Skip to main content
Version: Next

Search

DataHub's Python SDK makes it easy to search and discover metadata across your data ecosystem. Whether you're exploring unknown datasets, filtering by environment, or building advanced search tools, this guide walks you through how to do it all programmatically.

With the Search SDK, you can:

  • Search for data assets by keyword or using structured filters
  • Filter by environment, platform, type, custom properties, or other metadata fields
  • Use AND / OR / NOT logic for advanced queries

Getting Started

To use DataHub SDK, you'll need to install acryl-datahub and set up a connection to your DataHub instance.
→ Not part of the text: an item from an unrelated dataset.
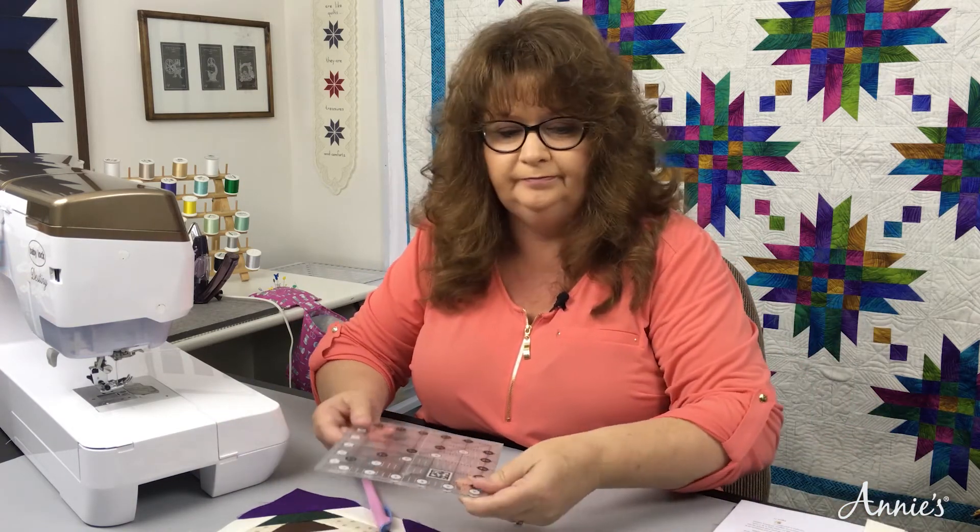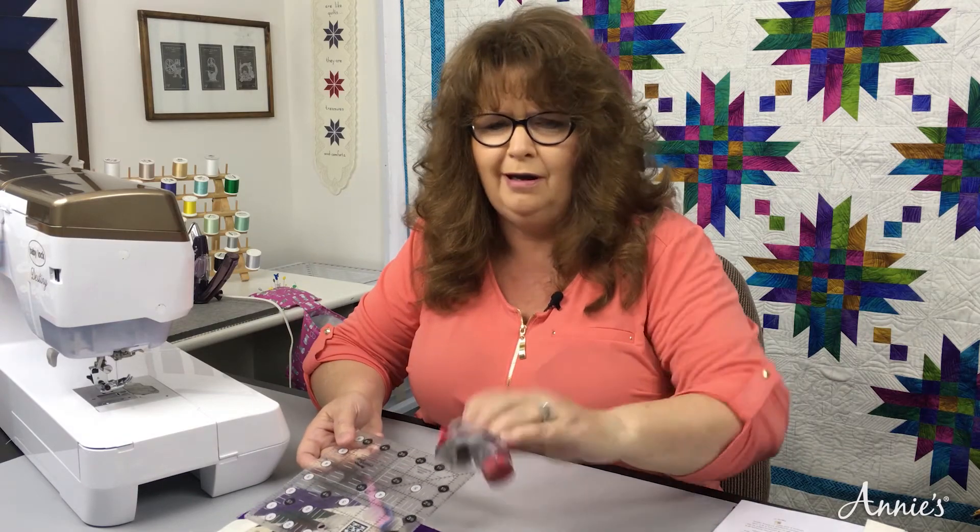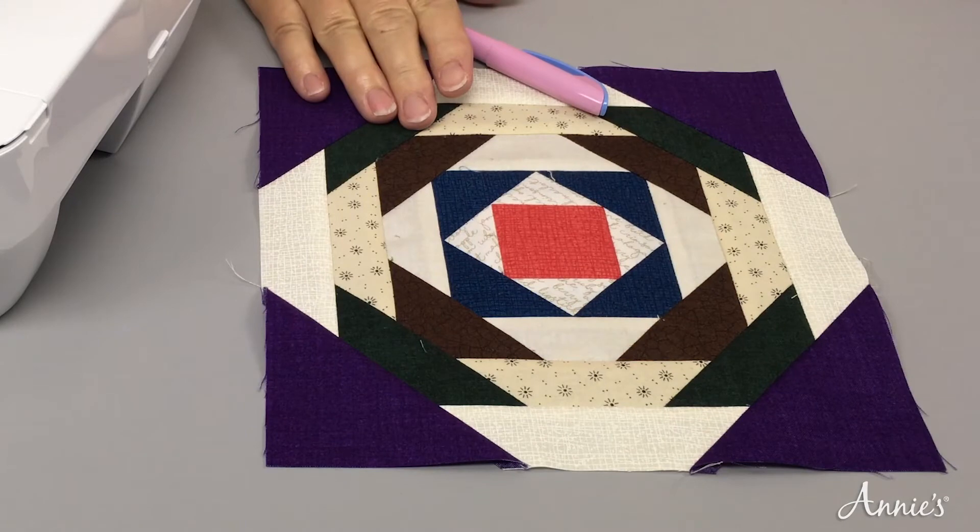There's no special tools needed. We're going to just use a fabric marking pen or chalk, whatever you have, a ruler, and your rotary cutter. How easy is that? This is a block that lots of quilters have longed to make.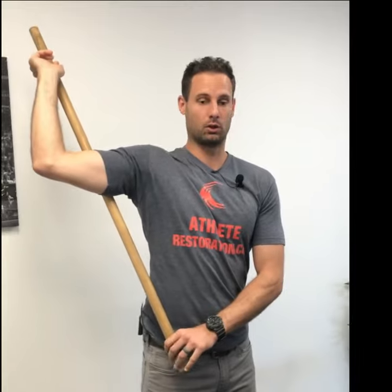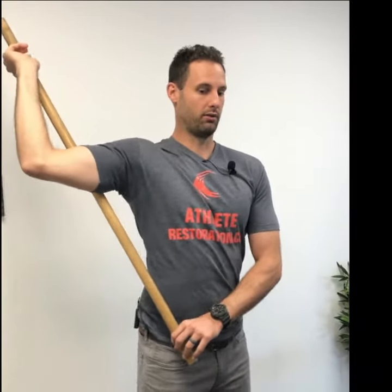So two things. One, make sure your arm is up high enough and don't let it drop. And two, don't drive your shoulder joint forward like this. Keep it back here like this, and just let your arm go backwards in pure external rotation.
Follow the installation guide to get started.

Connect to your DataHub instance:

from datahub.sdk import DataHubClient

client = DataHubClient(server="<your_server>", token="<your_token>")
  • server: The URL of your DataHub GMS server
    • local: http://localhost:8080
    • hosted: https://<your_datahub_url>/gms
  • token: You'll need to generate a Personal Access Token from your DataHub instance.

Search Types

DataHub offers two primary search approaches:

  • Query-based search : search using simple keywords across common fields like name, description, and column names.
  • Filter-based search : search using structured filters to scope results by platform, environment, entity type, and other metadata fields.
Combining Query and Filters

Query and filters can be used together for more precise searches. Check out this example for more details.
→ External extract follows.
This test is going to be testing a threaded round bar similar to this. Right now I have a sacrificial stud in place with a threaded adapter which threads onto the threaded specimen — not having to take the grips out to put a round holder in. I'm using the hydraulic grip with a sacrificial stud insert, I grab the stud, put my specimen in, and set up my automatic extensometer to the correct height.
Query-based search allows you to search using simple keywords. This matches across common fields like name, description, and column names. This is useful for exploration when you're unsure of the exact asset you're looking for.

For example, the script below searches for any assets that have sales in their metadata.

# Inlined from /metadata-ingestion/examples/library/search_with_query.py
from datahub.sdk import DataHubClient

client = DataHubClient(server="<your_server>", token="<your_token>")

# Search for entities with "sales" in the metadata
results = client.search.get_urns(query="sales")

print(list(results))

Example output:

[
DatasetUrn("urn:li:dataset:(urn:li:dataPlatform:snowflake,sales_revenue_2023,PROD)"),
DatasetUrn("urn:li:dataset:(urn:li:dataPlatform:snowflake,sales_forecast,PROD)")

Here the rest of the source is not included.